**** INPUT RECORDS
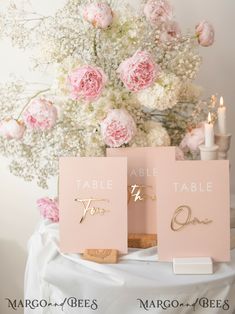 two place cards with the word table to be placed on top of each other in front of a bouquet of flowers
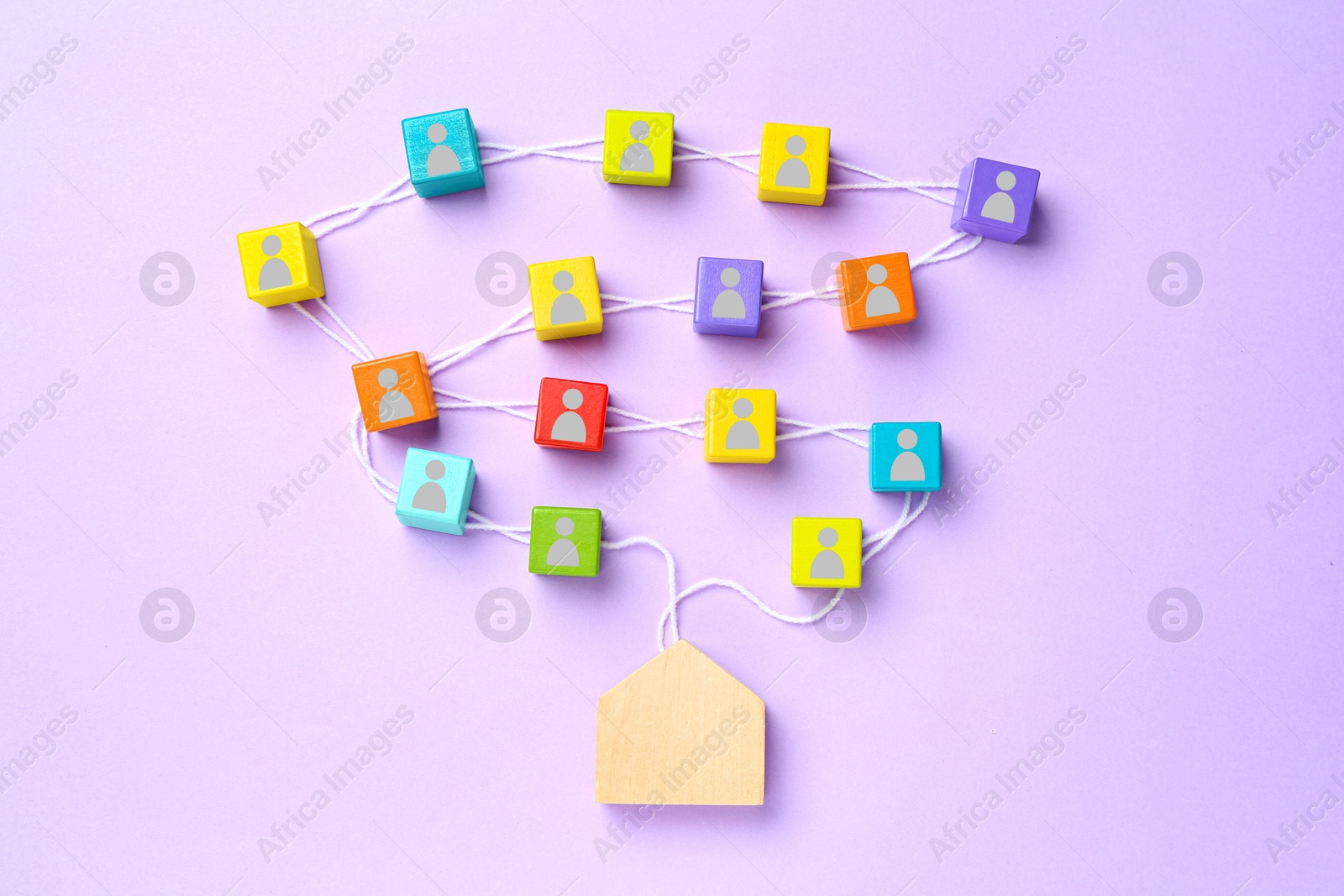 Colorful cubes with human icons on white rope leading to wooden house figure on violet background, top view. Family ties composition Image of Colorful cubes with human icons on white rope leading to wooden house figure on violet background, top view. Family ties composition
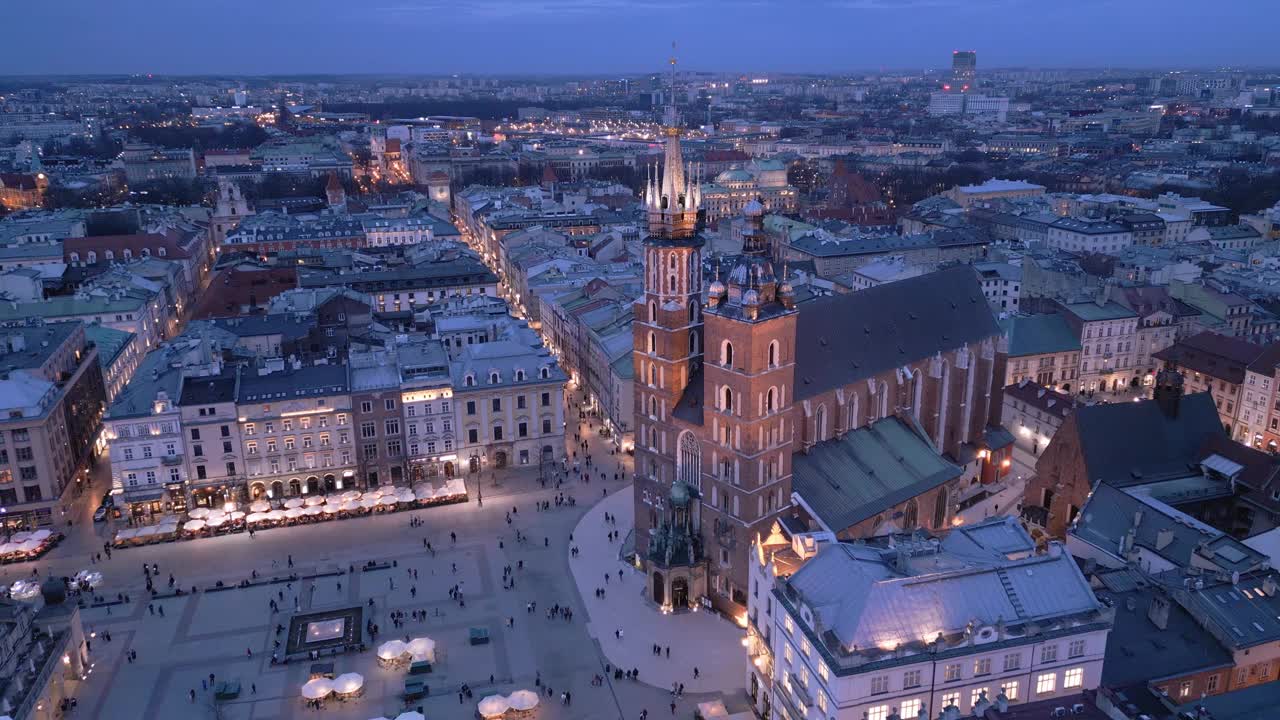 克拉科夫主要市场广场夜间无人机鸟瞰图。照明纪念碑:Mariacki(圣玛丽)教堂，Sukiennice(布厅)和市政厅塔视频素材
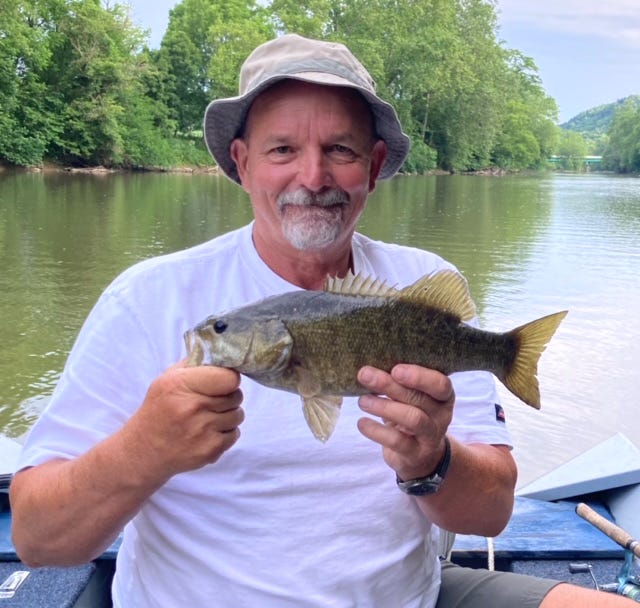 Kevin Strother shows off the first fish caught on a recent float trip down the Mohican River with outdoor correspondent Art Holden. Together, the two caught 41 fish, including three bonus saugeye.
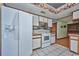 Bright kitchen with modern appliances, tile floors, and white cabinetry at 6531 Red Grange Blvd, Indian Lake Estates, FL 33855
********
**** INPUT RECORDS
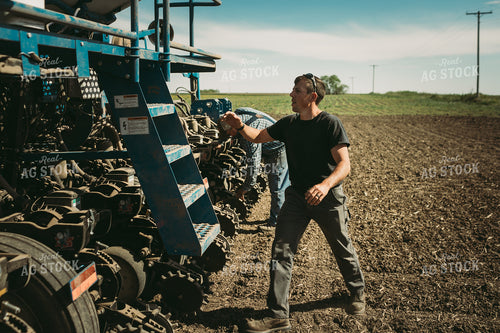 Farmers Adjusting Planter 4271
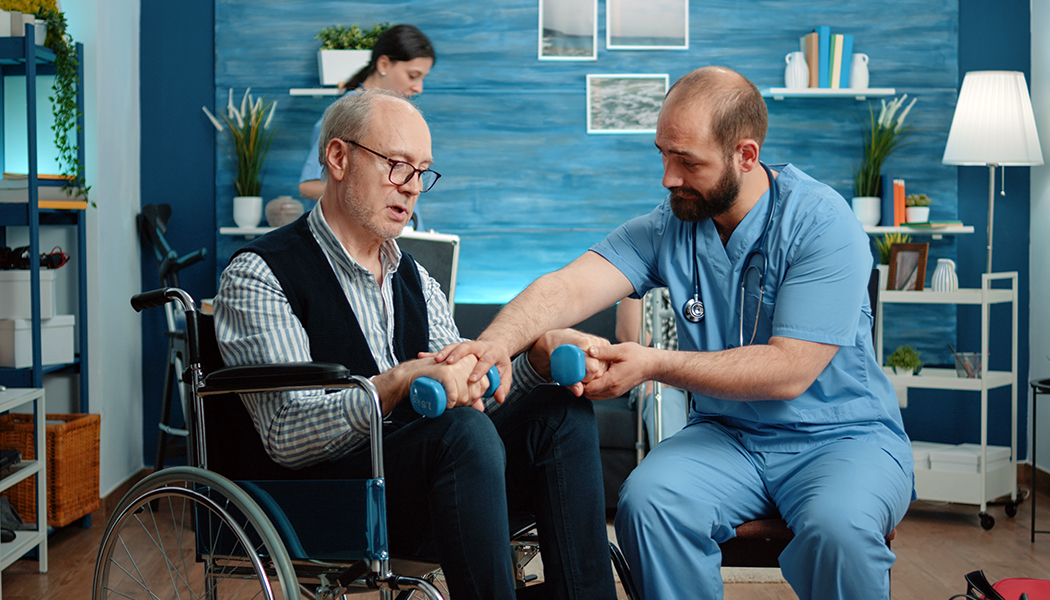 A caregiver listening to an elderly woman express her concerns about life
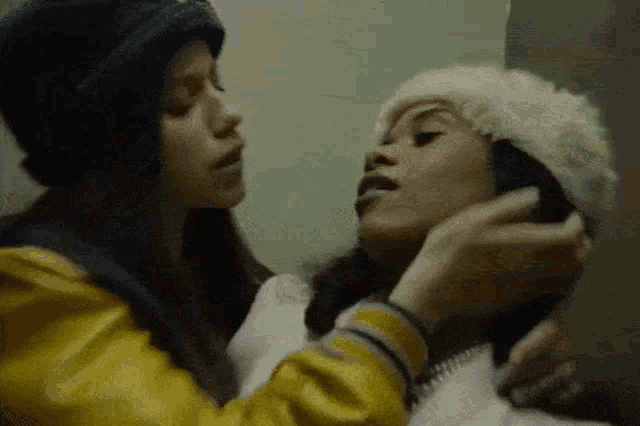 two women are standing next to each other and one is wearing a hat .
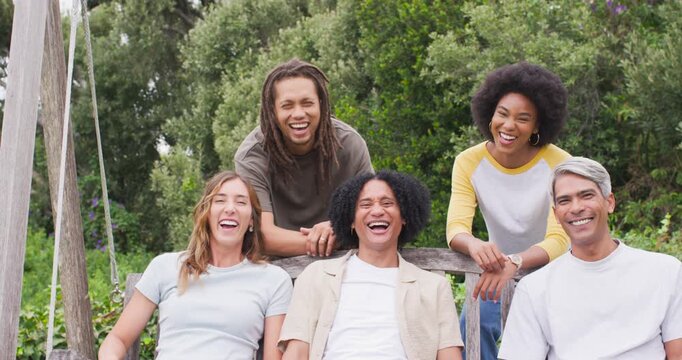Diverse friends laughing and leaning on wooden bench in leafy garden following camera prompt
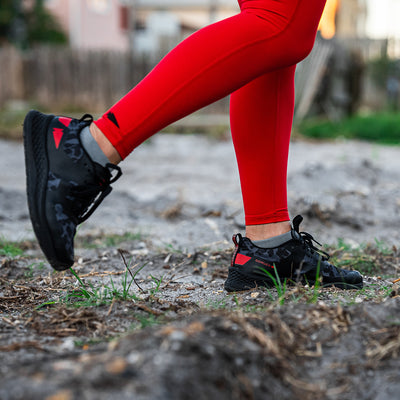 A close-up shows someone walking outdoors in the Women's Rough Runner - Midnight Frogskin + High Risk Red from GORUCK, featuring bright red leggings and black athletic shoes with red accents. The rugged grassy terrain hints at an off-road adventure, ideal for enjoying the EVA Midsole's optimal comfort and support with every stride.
********
**** INPUT RECORDS
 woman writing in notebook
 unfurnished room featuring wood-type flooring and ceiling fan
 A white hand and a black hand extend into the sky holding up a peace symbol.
********
→ **PROBLEM TO WORK ON**: Everything above from the line with "two place cards" through the line with "Bright kitchen with" should be retyped exactly, and nothing else; omit pictures.

→ **ANSWER AREA**:
 two place cards with the word table to be placed on top of each other in front of a bouquet of flowers
 Colorful cubes with human icons on white rope leading to wooden house figure on violet background, top view. Family ties composition Image of Colorful cubes with human icons on white rope leading to wooden house figure on violet background, top view. Family ties composition
 克拉科夫主要市场广场夜间无人机鸟瞰图。照明纪念碑:Mariacki(圣玛丽)教堂，Sukiennice(布厅)和市政厅塔视频素材
 Kevin Strother shows off the first fish caught on a recent float trip down the Mohican River with outdoor correspondent Art Holden. Together, the two caught 41 fish, including three bonus saugeye.
 Bright kitchen with modern appliances, tile floors, and white cabinetry at 6531 Red Grange Blvd, Indian Lake Estates, FL 33855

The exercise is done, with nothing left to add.